The San Juan Philharmonic Chorale (Coral Filarmónica de San Juan in Spanish), is one of Puerto Rico’s top choral groups. It performs regularly with the Puerto Rico Symphony Orchestra (PRSO) and at the Casals Festival.

This critically acclaimed semi-professional group was established in 1986 by Carmen Acevedo Lucío, for a PRSO performance of Händel’s Messiah conducted by Margaret Hillis. Since then, the San Juan Philharmonic Chorale has collaborated with world-renowned conductors such as Krzysztof Penderecki, Helmuth Rilling, Gerard Schwarz, Lukas Foss, Julius Rudel, Yoav Talmi, Woldemar Nelsson, Andreas Delfs, Michael Lankester, and Eugene Kohn.

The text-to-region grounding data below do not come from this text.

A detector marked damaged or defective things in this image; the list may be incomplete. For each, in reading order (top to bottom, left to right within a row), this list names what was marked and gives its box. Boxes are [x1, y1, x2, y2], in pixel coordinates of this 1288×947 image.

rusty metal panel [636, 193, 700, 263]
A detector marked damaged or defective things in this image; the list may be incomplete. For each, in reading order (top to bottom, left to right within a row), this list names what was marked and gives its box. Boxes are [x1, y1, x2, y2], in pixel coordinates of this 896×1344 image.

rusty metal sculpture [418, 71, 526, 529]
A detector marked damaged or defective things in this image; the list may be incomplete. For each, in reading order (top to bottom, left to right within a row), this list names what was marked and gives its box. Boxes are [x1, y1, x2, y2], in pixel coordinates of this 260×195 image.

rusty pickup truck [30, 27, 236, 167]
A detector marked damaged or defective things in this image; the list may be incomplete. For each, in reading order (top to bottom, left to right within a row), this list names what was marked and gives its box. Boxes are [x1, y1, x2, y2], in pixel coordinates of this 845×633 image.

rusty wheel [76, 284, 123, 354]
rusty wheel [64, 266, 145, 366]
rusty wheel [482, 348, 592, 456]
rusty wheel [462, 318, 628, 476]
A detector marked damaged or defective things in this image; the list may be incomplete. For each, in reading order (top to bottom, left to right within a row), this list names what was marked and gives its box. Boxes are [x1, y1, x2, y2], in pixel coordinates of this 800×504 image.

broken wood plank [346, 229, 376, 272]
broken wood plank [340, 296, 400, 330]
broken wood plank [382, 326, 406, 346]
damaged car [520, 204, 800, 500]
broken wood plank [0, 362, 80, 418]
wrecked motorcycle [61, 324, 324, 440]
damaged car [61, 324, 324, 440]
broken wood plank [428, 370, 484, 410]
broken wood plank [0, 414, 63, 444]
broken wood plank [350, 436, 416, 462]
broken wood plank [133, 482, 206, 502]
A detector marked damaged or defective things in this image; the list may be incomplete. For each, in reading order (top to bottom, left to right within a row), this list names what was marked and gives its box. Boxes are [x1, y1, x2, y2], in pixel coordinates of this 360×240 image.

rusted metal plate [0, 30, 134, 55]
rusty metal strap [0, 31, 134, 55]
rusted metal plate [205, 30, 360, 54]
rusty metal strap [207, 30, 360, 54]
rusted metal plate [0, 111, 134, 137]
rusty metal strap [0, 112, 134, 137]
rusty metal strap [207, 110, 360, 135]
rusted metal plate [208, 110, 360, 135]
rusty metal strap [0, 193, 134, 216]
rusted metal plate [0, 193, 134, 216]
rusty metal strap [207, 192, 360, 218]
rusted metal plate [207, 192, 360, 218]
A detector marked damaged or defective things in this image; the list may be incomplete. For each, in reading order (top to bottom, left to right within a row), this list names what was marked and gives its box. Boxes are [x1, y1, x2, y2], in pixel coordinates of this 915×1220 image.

In 1990, the group collaborated with the National Symphony Orchestra under the baton of Mstislav Rostropovich for a Casals’ Festival performance of Rimsky-Korsakov’s Le Coq d’Or. The group has also shared the stage with Philadelphia’s Mendelssohn Club.

In 2007, the San Juan Philharmonic Chorale’s 20th anniversary celebration included performances with the PRSO of Roberto Sierra’s Missa Latina and Sir William Walton’s Belshazzar's Feast.

The 80-voice choir is directed by Carmen Acevedo Lucío, also music professor at the University of Puerto Rico at Río Piedras. The San Juan Philharmonic Chorale is a member of Chorus America.